The most famous hotel in Quebec City might be the Château Frontenac, but that doesn’t necessarily make it the best. During our trip, we were invited to stay in a pair of hotels in the Lower Town. The St. Pierre Auberge and the modern Hôtel 71 are found adjacent to each other on Rue St. Pierre, and we couldn’t have hoped for better places to rest.
The St. Pierre Auberge feels like a throwback to a friendlier, more luxurious time. I imagine the cozy salon near the lobby as the kind of room in which twentieth-century guests might have lounged, swapping stories about their travels. Today, the lounge is usually occupied by people plugged into headphones, hooked up to wifi and sharing selfies on Instagram. I guess it’s the same.
Our room was a dream. It was one of the hotel’s suites, beautifully decorated, and large enough to make us feel immediately at home. Actually, we felt a lot fancier than we usually do at home. After our first full day in Quebec City, we were in dire need of a comfortable place in which to relax. This is a city which demands walking up hills so steep they come with staircases. We were happy to have a luxurious place to return to.
After a deep sleep, we awoke and went downstairs for a delicious a-la-carte breakfast, then grabbed our stuff and moved into the adjacent Hôtel 71. Both of these hotels share the same local owner, and are physically connected through an interior passage. The 71 is the newer of the two, and looks it. The building, which used to be a bank, is one of the tallest in Old Quebec’s Lower Town.
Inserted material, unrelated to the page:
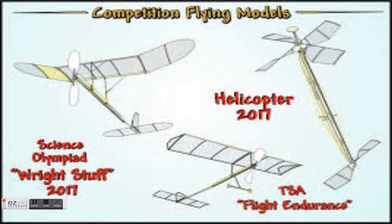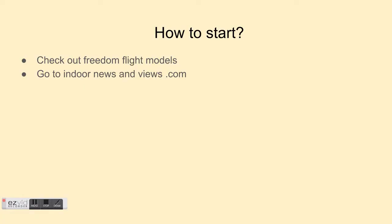Hey guys, this is Jake Siegel with another video. Today we'll be talking about the Wright Stuff for 2017 to 2018, and I'll be teaching all the tips and the basic ideas. So, how to start?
Aspects of its former life have been allowed to survive; for example, the kitchen in the penthouse suite is within an old vault, complete with its original cast-iron door.
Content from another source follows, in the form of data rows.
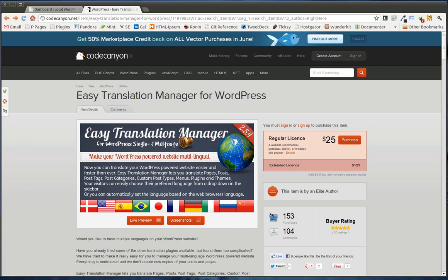Hello everyone, this is Pippin Williamson with PippinsPlugins.com, and I want to give you a quick review of the Easy Translation Manager plugin for WordPress.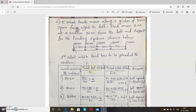Today we will see one more problem. Four wheel loads move along a girder of 50 meters span from right to left. Find the maximum bending moment at a section 20 meters from the left end support for the loading system shown below. You have to find maximum bending moment at a section 20 meters from the left end support. There are five wheel loads.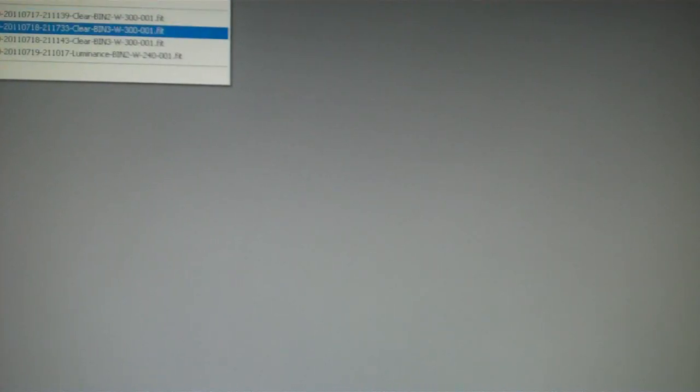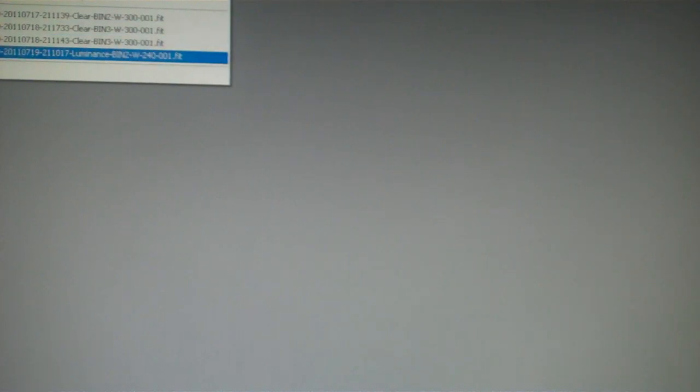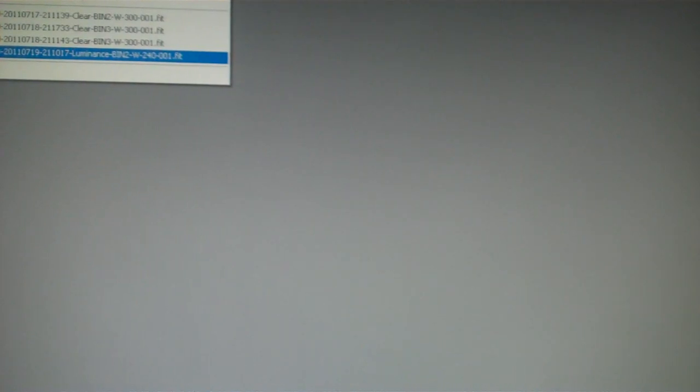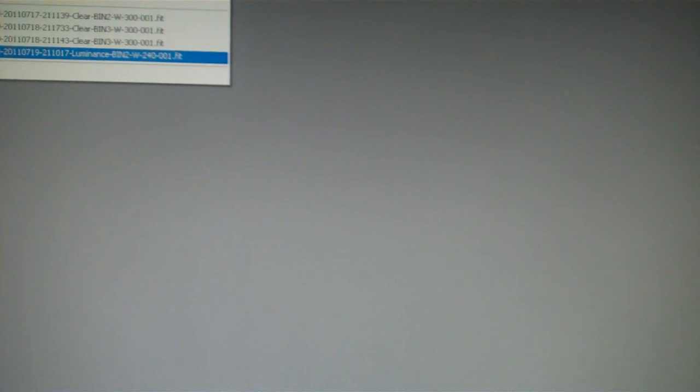Tonight we're going to be looking at an image taken July 19th with the G11. The Gross-011 used a luminance filter with two bending at 240 seconds.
Despite being so closely connected to one another, Hôtel 71 and St. Pierre couldn’t be further apart in terms of style, and passing from one to the other through the hallway is an abrupt shift. Where the St. Pierre is rustic, the 71 is elegant, modern and sleek. In the lounge, there’s a self-service wine bar, which might help you pass the early evening hours, until it’s time for dinner.
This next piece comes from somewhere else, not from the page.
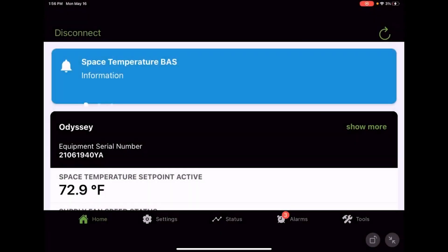Zach here with service training, and in this video with the Symbio service and installation app, we're going to go in and adjust a couple of setpoints and just go through that real quick.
If you’re doing things right, you won’t have to go far for your meal: the Italian restaurant Il Matto is also connected to Hôtel 71. This is widely considered one of Old Quebec’s best dining experiences, and we couldn’t agree more. Feeling justified after a second tiring day of exploring Quebec City, we allowed ourselves to indulge. Everything was delicious, from the fried fondue appetizers, to the wine, the main courses and the dessert. I gorged myself on parpadella with lobster, and was in heaven; this was a full, unshelled lobster atop thick, perfectly-cooked noodles. I force myself to think about it, sometimes, when I feel sad.
We loved both of our nights in these two hotels equally, and it’s hard to recommend one over the other. The staff is uniformly polite, and the standards at both are equally high. I suppose it depends on whether you prefer modern or classic decor. But either way, I could almost guarantee that you’ll be happy with your stay.